Saturday, October 15, 2011

High Heels and Morton's Neuromas

Photo by Amy the Nurse

Through many centuries, high-heeled shoes have been linked to increasing female attractiveness. (For an interesting overview of high-heel footwear, go here). The chronic use of high-heeled footwear comes at the cost of increased foot problems, including toe deformities, bunions, and Morton’s neuromas.

In the following case, a 45 year-old female presented to her podiatrist with metatarsalgia (pain involving the forefoot), and was referred for an MRI scan of the foot. A coronal T1 image reveals mass lesions in the second intermetarsal space (red arrow) and the third intermetatarsal space (blue arrow):

The location and signal features of the lesions are compatible with Morton’s neuromas.

On a coronal T2 fatsat image, the neuromas have different signal features, with the larger second intermetatarsal space lesion (red arrow) primarily hypointense, while the smaller third intermetatarsal space lesion is difficult to see, illustrating the variable appearance of Morton’s neuromas on T2 fatsat images:

 An axial T1 image confirms the presence of both neuromas:

A sagittal intermediate image better depicts the fusiform morphology of the neuroma in the second intermetarsal space:

There is a great deal of information about Morton’s neuromas that can be easily found on the internet. Here, we concentrate on imaging of this condition.

What is the best position for MR imaging of Morton’s neuromas?

Weishaupt et al. (Radiology 226: 849-856, 2003) examined this question by scanning 18 patients with 20 Morton’s neuromas in the prone (plantar flexion of the foot), supine (dorsiflexion of the foot), and upright weight-bearing positions. They concluded that:

--> Morton’s neuromas show position-dependent changes in shape in the prone, supine, or weight-bearing body positions.

--> Morton’s neuromas are best visualized in the prone position.

Thus, imaging of the forefoot should be done in the prone position, whenever possible.

What is the clinical significance of a Morton’s neuroma that is detected incidentally, while imaging the forefoot for another reason?>

Bencardino et al. (AJR 175: 649-653, 2000) retrospectively reviewed 85 consecutive foot MR examinations. The patients were subdivided into symptomatic or asymptomatic groups, with regard to Morton’s neuromas. Surgical confirmation was available in eight of 25 symptomatic patients. They diagnosed Morton’s neuromas in 33% of patients with no clinical evidence of this condition. Slightly larger lesions were observed in the symptomatic group of patients; however, significant overlap was noted between the two groups. They found that asymptomatic Morton’s neuromas can be found in a significant number of patients.

Thus, when a Morton’s neuroma is detected on MR imaging, one must correlate the imaging observations with clinical symptoms.

How good is MRI for the diagnosis of recurrent Morton’s neuromas?

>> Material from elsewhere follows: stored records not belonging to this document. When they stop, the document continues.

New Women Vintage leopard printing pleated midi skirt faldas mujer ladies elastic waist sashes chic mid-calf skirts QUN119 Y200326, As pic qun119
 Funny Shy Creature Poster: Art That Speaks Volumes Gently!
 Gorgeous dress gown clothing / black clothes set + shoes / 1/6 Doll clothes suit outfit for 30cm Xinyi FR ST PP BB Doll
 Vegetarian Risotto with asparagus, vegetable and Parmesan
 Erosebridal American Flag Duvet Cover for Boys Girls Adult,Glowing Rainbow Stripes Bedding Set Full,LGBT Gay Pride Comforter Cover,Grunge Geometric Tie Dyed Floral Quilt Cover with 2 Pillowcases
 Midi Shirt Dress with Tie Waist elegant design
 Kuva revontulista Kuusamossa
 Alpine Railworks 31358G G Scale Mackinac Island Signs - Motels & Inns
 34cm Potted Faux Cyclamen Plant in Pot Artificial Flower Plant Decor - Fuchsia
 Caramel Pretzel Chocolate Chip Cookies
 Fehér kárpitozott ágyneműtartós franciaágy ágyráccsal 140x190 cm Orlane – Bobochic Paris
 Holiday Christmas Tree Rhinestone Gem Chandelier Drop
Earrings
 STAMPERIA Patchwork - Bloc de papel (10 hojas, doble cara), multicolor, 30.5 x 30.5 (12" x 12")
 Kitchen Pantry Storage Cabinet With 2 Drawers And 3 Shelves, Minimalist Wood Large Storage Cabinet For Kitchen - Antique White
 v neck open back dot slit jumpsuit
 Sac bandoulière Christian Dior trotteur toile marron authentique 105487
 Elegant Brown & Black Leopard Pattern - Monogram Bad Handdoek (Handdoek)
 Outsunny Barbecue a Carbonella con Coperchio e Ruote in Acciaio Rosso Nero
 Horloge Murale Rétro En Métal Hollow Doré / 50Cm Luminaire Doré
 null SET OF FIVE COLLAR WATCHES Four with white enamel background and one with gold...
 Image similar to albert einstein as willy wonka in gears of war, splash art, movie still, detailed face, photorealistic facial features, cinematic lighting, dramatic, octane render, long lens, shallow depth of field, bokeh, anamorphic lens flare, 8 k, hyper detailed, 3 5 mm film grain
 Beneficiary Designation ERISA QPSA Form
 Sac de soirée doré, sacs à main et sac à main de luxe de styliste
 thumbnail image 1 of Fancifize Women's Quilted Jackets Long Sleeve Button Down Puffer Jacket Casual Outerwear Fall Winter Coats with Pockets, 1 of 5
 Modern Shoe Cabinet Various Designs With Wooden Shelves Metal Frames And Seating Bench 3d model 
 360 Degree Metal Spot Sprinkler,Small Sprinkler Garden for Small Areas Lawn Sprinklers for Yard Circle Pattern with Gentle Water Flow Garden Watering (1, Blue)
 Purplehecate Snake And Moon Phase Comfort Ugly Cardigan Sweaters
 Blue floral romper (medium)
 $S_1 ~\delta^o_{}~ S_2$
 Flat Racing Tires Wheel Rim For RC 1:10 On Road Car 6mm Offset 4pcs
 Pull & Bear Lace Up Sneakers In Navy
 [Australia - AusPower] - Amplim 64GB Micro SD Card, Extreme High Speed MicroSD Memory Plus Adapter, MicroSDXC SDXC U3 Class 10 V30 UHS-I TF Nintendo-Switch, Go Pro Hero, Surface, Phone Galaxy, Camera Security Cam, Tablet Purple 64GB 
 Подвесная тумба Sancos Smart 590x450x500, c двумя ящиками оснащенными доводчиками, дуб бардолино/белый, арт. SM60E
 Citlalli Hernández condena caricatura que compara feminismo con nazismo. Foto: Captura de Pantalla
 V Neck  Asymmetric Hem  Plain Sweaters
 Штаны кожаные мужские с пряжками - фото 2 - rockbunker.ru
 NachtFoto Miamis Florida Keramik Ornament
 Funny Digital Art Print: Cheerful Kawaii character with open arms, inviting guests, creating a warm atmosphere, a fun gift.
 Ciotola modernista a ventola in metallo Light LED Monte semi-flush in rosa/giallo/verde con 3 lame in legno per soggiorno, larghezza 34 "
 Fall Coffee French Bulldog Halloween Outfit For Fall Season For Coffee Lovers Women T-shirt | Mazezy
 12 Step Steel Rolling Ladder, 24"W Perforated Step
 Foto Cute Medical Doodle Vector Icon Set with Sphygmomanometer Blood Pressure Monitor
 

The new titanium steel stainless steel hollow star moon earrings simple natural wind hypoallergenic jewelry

Espinosa et al. (Radiology 255: 850-856, 2010) examined this issue in a study where they studied 58 consecutive patients who had undergone resection of a painful Morton’s neuroma. Pre- and postoperative MR imaging, and clinical follow-up for a minimum of 2 years after surgery were available. They concluded:

--> Morton’s neuroma–like abnormalities are commonly encountered on MR images after Morton’s neuroma resection. 

--> Although these abnormalities are larger in patients with symptoms, there is a high degree of size overlap; thus, they do not allow differentiation between symptomatic and asymptomatic patients.

Thus, MR imaging is of limited utility in the assessment of recurrent Morton’s neuromas.

Is intravenous contrast (gadolinium) needed for the diagnosis of Morton’s neuromas?

There is conflicting data in the literature on this topic. In 1993, Terk et al. (Radiology 189: 239-241, 1993) published an article which advocated the use of gadolinium in the assessment of Morton’s neuromas. Subsequently, Zanetti et al. (AJR 168, 529-532, 1997) and Williams et al. (Clin Radiol 52: 46-49, 1997) questioned the utility of enhanced T1-weighted fat-suppressed sequences in the assessment of this condition.

In general, intravenous contrast (gadolinium) is not needed for the routine evaluation of Morton’s neuromas.